Karenina menyanggah dagunya dengan tangan kiri, "Di gue dia nggak pernah komentar apa-apa. Dia punya dendam sama lo kali. Lo pernah ketemuan sama dia sebelumnya?"
Ini adalah detik terakhir Karenina serius sebelum dia tergelak dan kehilangan kata-kata, begitu juga dengan suaranya saking terlalu kencang tertawa.
"Lo nyangka Benjo apa? Gigolo?" Karenina mengusap ujung matanya yang berair. "Damn. Orang pakai jas ganteng dan mukanya di baliho hampir setiap jalan besar, tapi lo sangka gigolo."
"Ya, mana gue tahu. Eyang kan kerjanya sewa male escort. Masih pada muda-muda pula. Mana gue tahu kalau dia politikus."
"His face is everywhere."
"Itu berarti mukanya nggak cukup memorable buat gue."
"Buat orang-orang dia menarik, sih. Lo pikir gimana dia sampai punya fan base yang mayoritas cewek dan ibu-ibu? Bahkan sampai nenek-nenek juga ikutan."
Aku membawa piring yang berisikan nasi yang baru matang ke atas meja makan kecil kami. "The jury is still out. While we are in this conversation, kenapa dia ada di rumah Eyang, ya? Apa Eyang melebarkan sayapnya dengan nggak membatasi diri di male escort?"
"Mereka kenalan di bar, terus jatuh cinta. Benjo nggak peduli perbedaan usia yang hampir setengah abad."
"Okay, setop. Gue nggak sanggup bayanginnya," kataku bergidik.
"Gue juga." Karenina melenguh pelan ketika satu suapan memasuki mulut. "Gila. Ini enak. Ngomong-ngomong soal Eyang, kok gue lama nggak lihat beliau, ya?"
"Lagi liburan kali. Kan Eyang sering ngilang tiba-tiba, terus balik tanpa dijemput sambil bawa oleh-oleh." Ini sudah terjadi selama beberap akali selama setahun kami bertetangga dengan Eyang.

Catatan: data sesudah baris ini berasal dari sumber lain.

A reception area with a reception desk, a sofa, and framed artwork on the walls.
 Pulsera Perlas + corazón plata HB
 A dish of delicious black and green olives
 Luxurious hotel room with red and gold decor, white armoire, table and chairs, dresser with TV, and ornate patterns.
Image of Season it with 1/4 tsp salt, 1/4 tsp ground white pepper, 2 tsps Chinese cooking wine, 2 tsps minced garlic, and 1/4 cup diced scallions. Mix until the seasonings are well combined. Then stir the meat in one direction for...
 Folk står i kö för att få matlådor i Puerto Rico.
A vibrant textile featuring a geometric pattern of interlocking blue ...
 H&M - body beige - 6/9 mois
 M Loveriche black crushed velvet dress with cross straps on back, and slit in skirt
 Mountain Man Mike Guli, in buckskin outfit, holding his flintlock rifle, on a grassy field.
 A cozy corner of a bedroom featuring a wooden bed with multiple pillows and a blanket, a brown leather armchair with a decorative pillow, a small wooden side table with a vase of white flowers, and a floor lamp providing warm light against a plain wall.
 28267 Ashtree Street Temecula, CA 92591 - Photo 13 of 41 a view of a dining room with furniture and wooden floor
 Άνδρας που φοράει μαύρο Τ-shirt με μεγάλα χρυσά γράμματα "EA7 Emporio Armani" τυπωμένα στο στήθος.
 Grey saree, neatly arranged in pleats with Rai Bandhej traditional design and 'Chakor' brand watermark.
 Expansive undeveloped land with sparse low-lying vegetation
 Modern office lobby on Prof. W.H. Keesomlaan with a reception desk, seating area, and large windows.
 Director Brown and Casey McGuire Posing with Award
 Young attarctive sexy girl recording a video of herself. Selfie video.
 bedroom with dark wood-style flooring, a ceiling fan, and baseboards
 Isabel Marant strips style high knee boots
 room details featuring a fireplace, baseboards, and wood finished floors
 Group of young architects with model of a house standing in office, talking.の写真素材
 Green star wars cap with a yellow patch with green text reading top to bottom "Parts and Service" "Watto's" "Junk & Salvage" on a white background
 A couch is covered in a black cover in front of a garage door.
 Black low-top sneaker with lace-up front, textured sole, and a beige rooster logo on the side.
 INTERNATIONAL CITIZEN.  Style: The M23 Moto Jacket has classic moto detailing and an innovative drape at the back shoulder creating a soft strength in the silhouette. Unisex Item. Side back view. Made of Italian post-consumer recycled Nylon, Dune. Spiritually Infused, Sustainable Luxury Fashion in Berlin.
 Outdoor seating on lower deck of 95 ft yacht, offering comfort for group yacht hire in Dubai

Beliau sungguh seperti jelangkung yang datang tak dijemput, pulang tak diantar.
"Dan gue penasaran tanahnya ada berapa hektar dan di mana saja sampai bisa hidup tenang di waktu tua. Mak sama Bapak gue saja hidupnya masih susah sampai sekarang." Aku menjilat bumbu dari sendok di suapan terakhir. "Gue mau nikah buat duit juga, biar kayak Eyang."
"There's a price to pay for that kind of marriage."
"Like selling your soul to the devil?"
"More like you trade something to the devil, but it might like an offering on silver platter. Susah buat ditolak.Orang-orang lihat enaknya saja. Nikah sama orang kaya, nggak perlu mikirin duit, tapi ada yang harus ditukar. Entah itu kebebasan lo, atau pilihan hidup atau yang lain. Orang-orang kayak gini nggak jatuh cinta ke orang-orang macam kita. Kita nggak ada di radar mereka."
"Kayak gue doang kali," sahutku yang diabaikan oleh Karenina. Kedua tanganku naik ke udara, salah satunya berada di bawah dan yang lainnya di atas. "Gue di sini, lo di sini."
"Percaya, deh. Ada lebih banyak yang nggak kelihatan karena terlalu silau sama berlian."
"Lo sadar kalau kita ngomongin hal yang nggak mungkin, kan? Hal kayak begitu cuma kejadian di novel dan film Hallmark."